In making the overall assessment of current and future economic performance in individual countries, a number of key variables and how they interact must be examined, broadly along the following lines:

  • Domestic expenditures. Projections of private consumption and saving rates typically take into account real disposable income, household wealth, changes in the rate of inflation, monetary and financial conditions, and leading indicators of consumer confidence and retail sales. Business fixed investment is mainly assessed in relation to non-financial (sales, output and capacity utilisation) and financial (cash flow, monetary conditions and interest rates) variables. Business sentiment and survey information is also taken into account. Projections for residential construction typically take account of demographic trends, housing stocks, real income and financial conditions, but also draw on cyclical indicators for the construction sector. Projections of stockbuilding are usually made with reference to relevant stock-output and stock-sales ratios in relation to normal trends.

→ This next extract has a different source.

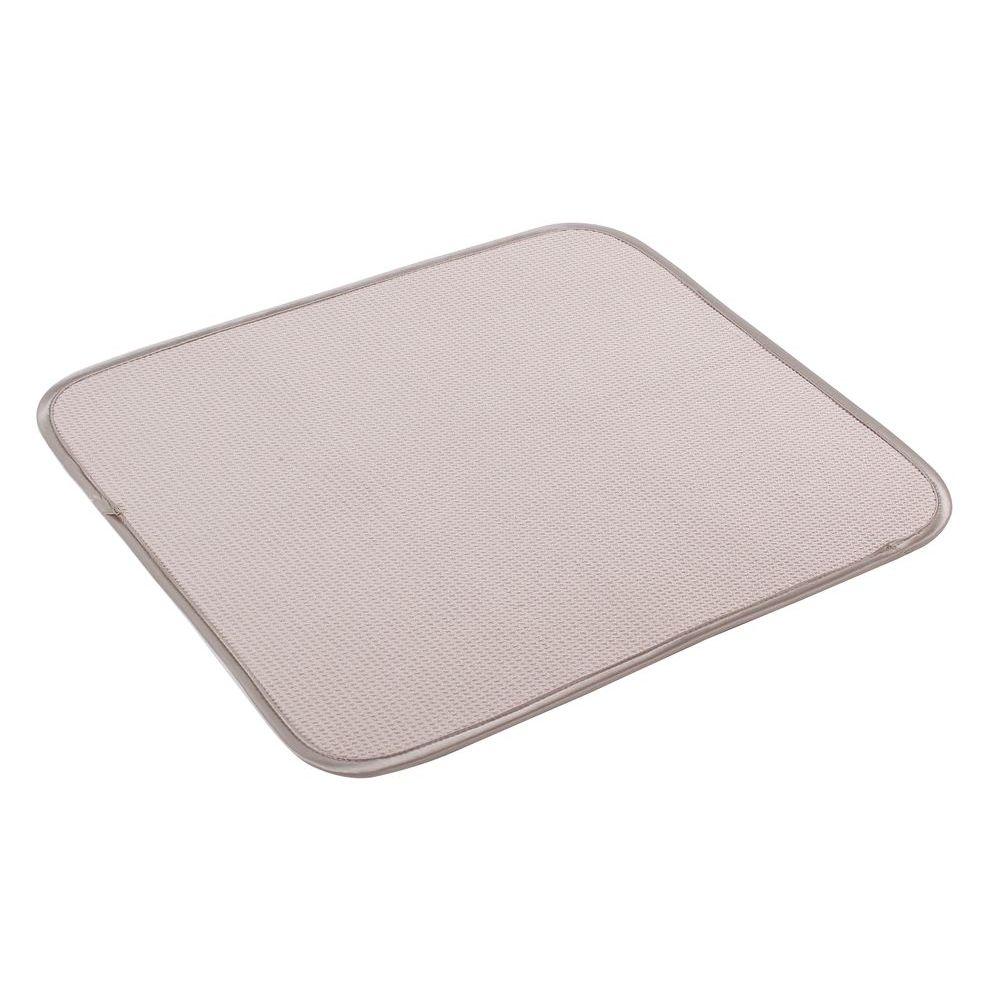 Dish Drying Mat Pebble, White Magic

  • Employment, wages and prices. Employment and other labour market trends are generally assessed on the basis of actual and projected activity. Important additional considerations relate to productivity trends, capacity constraints and costs. Unemployment rate projections are derived from employment and labour supply projections, with the latter assessed on the basis of demographic trends and participation rate assumptions. Wage and earnings assessments take into account a number of key factors, such as the pattern of current wage settlements data as a leading indicator.  Unemployment, labour market conditions, productivity and the terms of trade also influence the overall projection for real wages and real compensation per employee. The assessment of domestic prices and inflation trends depends on unit costs, the strength of demand reflected by output gaps and foreign prices.
  • Output gaps. The output gap is measured as the difference between actual and estimated potential GDP, in volume terms and in per cent of potential GDP. Output gaps are difficult to estimate and subject to substantial margins of error given that potential output and structural unemployment rates are generally unobservable variables. This generally follows a production function approach, taking into account the capital stock, changes in labour supply, factor productivities and underlying “non-accelerating inflation rates of unemployment” (NAIRU).
  • Foreign trade and balance of payments. In making the forecasts, particular attention is paid to consistency at domestic and world levels, and to ensure that key accounting identities and relationships are observed, notably with respect to international trade and the balance of payments.  Within this framework, projections for aggregated import volumes of goods and services typically take account of domestic activity (weighted expenditures) and relative price competitiveness, giving additional weight however to current and past trend developments in import penetration.  Aggregate goods and services export volume projections are generally linked to developments in export weighted markets, competitiveness positions and trend export performance. Projections for export prices take account of domestic labour costs and import prices, as well as competitors’ export prices, while import prices are derived as weighted averages of foreign and domestic prices.

Investment income receipts and payments are set to reflect returns on stocks of external assets and liabilities, while international transfer debits and credit are exogenous, subject to consistency checks across countries. An important feature of the trade and balance of payments exercise is the need to ensure consistency across countries and regions and iterative procedures for maintaining balance at the world level.  A global equation linking world trade growth to world GDP growth is also used in checking the consistency of the world trade trajectory for given world activity.